Six questions this week, but some of them have short answers. Use the Submit A Tip box in the sidebar to send us any questions or links or anything else during the week.
Cashman and Hal reportedly have a great working relationship, but who really knows how things are behind the scenes. I would be surprised if Cashman — or Joe Girardi, for that matter — was essentially made the scapegoat and fired at some point this year. I don’t think Hal really cares about the public pressure and frankly no owner should when it comes to on-field matters. How many times have we wanted people fired over the years? If the owner acknowledged public pressure there would be a new manager every other week. Cashman could be fired if the team plays poorly, it could definitely happen, but it would surprise me.
My standard answer to the “what happens to everyone when so and so gets healthy” question is let’s wait to see everyone involved actually be healthy at the same time before we worry about it. I think that is especially true with the Derek Jeter/Eduardo Nunez and Kevin Youkilis/Alex Rodriguez situations. Worry about who plays when and where when the time comes.
Now, for the sake of argument, let’s assume Granderson returns as expected in early-May and everyone else in the outfield picture is healthy as well.
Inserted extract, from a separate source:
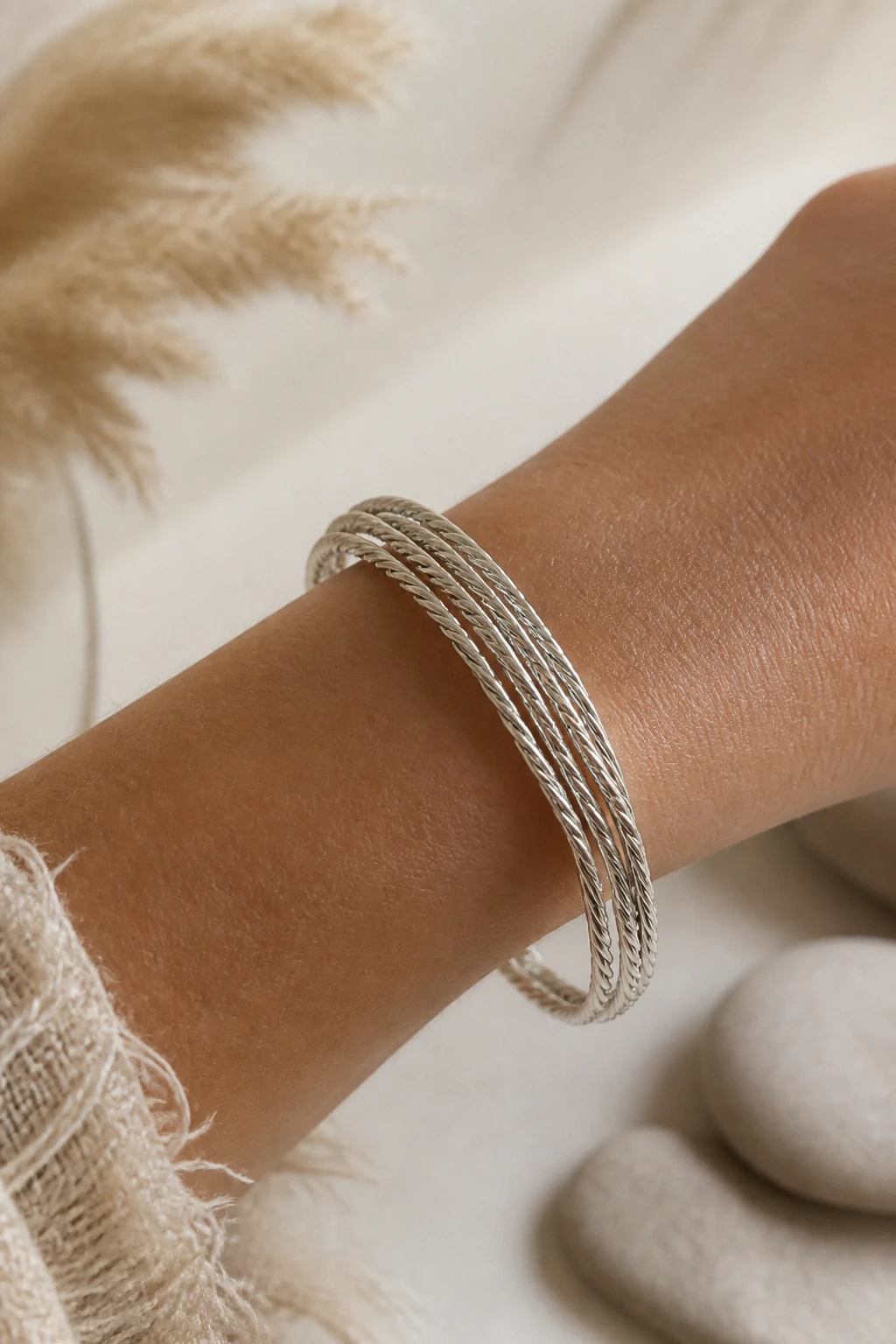8 Aesthetic Wire Bracelet Ideas for a Boho Minimalist Jewelry Stack 7 Item 6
The obvious move to free up a roster spot would be optioning Brennan Boesch down to Triple-A, replacing one lefty bat with another. That’s the easy part. After that, I think it depends entirely on who is playing well at the time.
Obviously Granderson will step right back into the lineup, but if Ichiro continues to not hit while Wells continues to produce, I do think Ichiro will wind up on the bench more often than not. If the roles are reverse when Grandy is ready, then I think Wells would sit. I don’t really see Brett Gardner being in danger of losing playing time. I think Girardi is just going to ride the hot hand, which is fine by me.
Mike asks: What is going to happen with the impending minor league catcher backlog? Eventually Gary Sanchez will be promoted to AA but that will take away time from J.R. Murphy who can’t move to AAA due to Austin Romine needing to play everyday. Who is most likely to be trade bait?
I don’t think there is much of a backlog, really. I think both Murphy and Sanchez will get promoted at midseason, and then Romine and Murphy will simply share catcher/DH duties for the second half in Triple-A. The Yankees have done that plenty of times before with their catchers, specifically Romine and Jesus Montero. I think Murphy and Sanchez even did it at one point as well.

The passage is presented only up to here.